■ Aim of the exercise ■
Retype, word for word, every line of the records below starting at the one that contains "hotelarsenal.com.co" and ending at the one that contains "Read Bu Chong"; include both of those lines and nothing more.
[Extracted entries]
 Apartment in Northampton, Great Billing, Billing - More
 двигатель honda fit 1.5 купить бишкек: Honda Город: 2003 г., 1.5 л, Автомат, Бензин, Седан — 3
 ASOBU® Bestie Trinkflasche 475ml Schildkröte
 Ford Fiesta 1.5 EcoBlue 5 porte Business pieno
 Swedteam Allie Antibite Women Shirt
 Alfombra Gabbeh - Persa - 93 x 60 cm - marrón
[/Extracted entries]
[Extracted entries]
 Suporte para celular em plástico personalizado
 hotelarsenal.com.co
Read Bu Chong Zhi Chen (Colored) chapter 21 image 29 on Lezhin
[/Extracted entries]
■ Task result ■
 hotelarsenal.com.co
Read Bu Chong Zhi Chen (Colored) chapter 21 image 29 on Lezhin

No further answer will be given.